Ivan Savonsky, popular society artist, meets Olga Kartoff, a young woman high in social circles, and while she is instantly attracted by him, he sees in her only the perfect model for his picture, "The Dagger Woman." Studying her, and by carefully playing on her emotions he gains her confidence, and afterward she consents to pose for him. The picture completed, she is grieved and then angered to discover that Ivan's interest rests solely in it, and how it will fare at the exhibition. She pleads with him in vain. The picture is pronounced a masterpiece, and Ivan is in his triumph as he returns to his studio. Here Olga has secreted herself. Humiliated by the reports circulated regarding herself and the artist, and unable longer to bear his disinterest she plunges a dagger to his heart and kills him.
Just plain Mary Ann, that's all, but there is something about this little country girl which stamps her as the right sort, with grit, grip and gumption to distinguish her among the famous men and women of the twentieth century, or any other century for that matter. Her father is a faithful old servant in the employ of the D.&C.R.R. as a signal man in a tower on the lonely stretch of the track at very important junction. After his day's work, Mary Ann, who has studied telegraphy and likes to practice, comes to the tower to go home with her father, after the night signal man comes to relieve him. The night man is somewhat delayed and her father leaves Mary Ann at the signal station while be goes home to get his supper and rest.
Full of booze, bluster, and fight "Black Pete," a big "bad man" of the wild west comes from the local saloon ready to put daylight through anybody and everybody within the range of his voice and the reach of his gun and, to further convince the crowd that he is the terror of the territory, lands on an inoffensive bystander knocking him down. "Billy" is an entirely different sort of a citizen; he is a young chap living with his sister whom he loves very dearly; their love is mutual. Billy has received a letter and stops on his way home in an opening in the woods to read it. While thus engaged, an Indian girl is making her way through the woods. "Black Pete" coming along the pass sees and attacks her. Billy springs to her defense and knocks "Pete" down; in falling he strikes his head on a stone and is killed.

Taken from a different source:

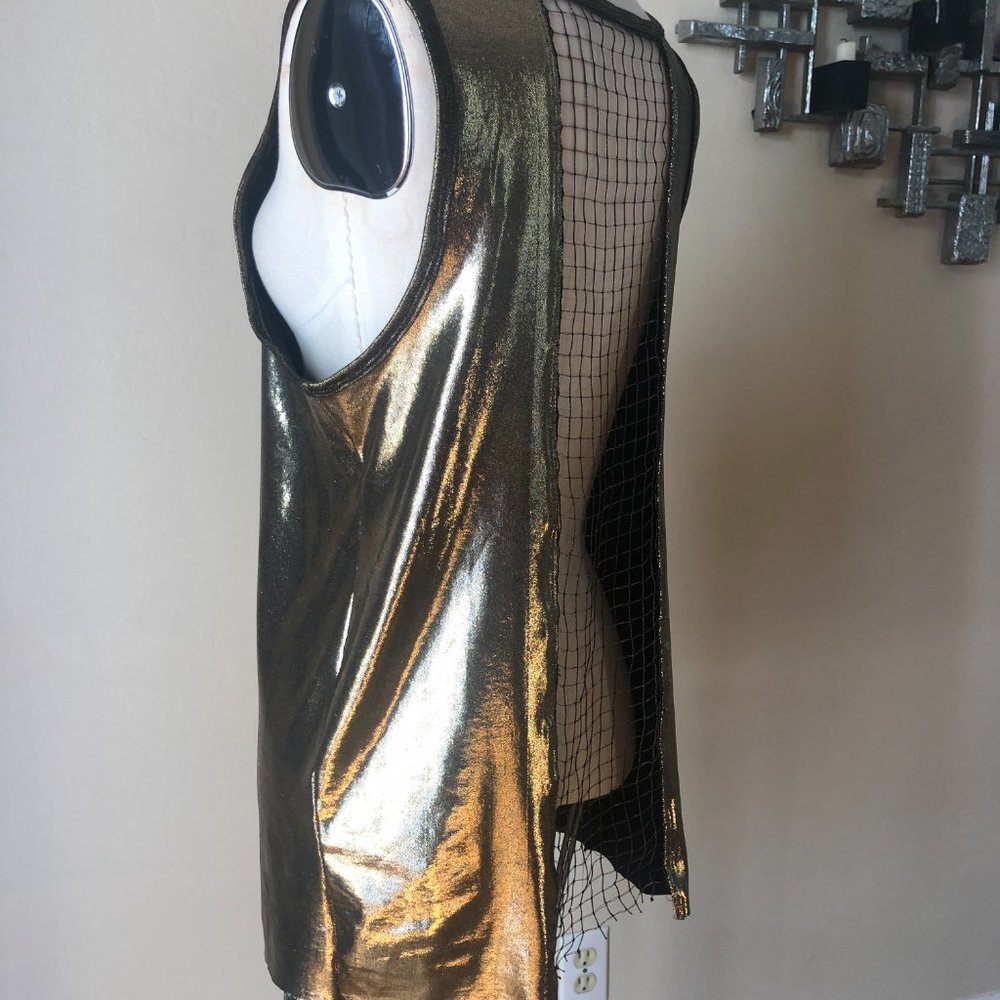 Men's gold 'lame' (spandex) tank top with netting insert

In the mountain wilds of Tennessee there is no end to the manufacture of moonshine whiskey. Whole families live on this nefarious trade and many of them die by it. The men who work at this business are constantly hunted by United States revenue officers as violators of the law for manufacturing of liquor without a special license. The "Mountain wife" loves her husband and stands by and shields him from his enemies, the officers; when they are on his track she hides him, then throws them off his trail, giving him time to escape in the mountain fastnesses, as we are shown in this interesting and thrilling picture.
Nora, who is the president of the Bachelor's Club, receives a letter announcing the death of her uncle in the west and that he has made her heir to his immense fortune. Including a ranch at Grey Oaks. Nora decides to go west and take charge of the ranch and run it herself a la suffragette fashion. She invites all the girls to go with her and they start for their new home. Arriving at Grey Oaks they pay no attention to the cowboys who greet them at the station but go at once in the old stage-coach to the ranch. The cowboys follow, approach the ranch, offer their services and are rewarded by being driven from the premises. The boys make up their minds to "get next" to the girls and devise a scheme.
Denton, a young easterner, arrives in the gold-fields, looks about for a "find" and a partner. Entering a saloon, he partakes of some refreshment, watches the patrons of the place and studies their characters, while thus engaged a young miner, named Harper, somewhat prejudiced against easterners, engages in a quarrel with a Mexican who is about to plunge a knife into the miner when Denton seizes his wrist and wrenches the weapon from his grasp. Harper thanks Denton, and after learning the eastern man's desire to find a prospecting partner, Denton loins forces with him and they start in to work a lead and strike paying dirt.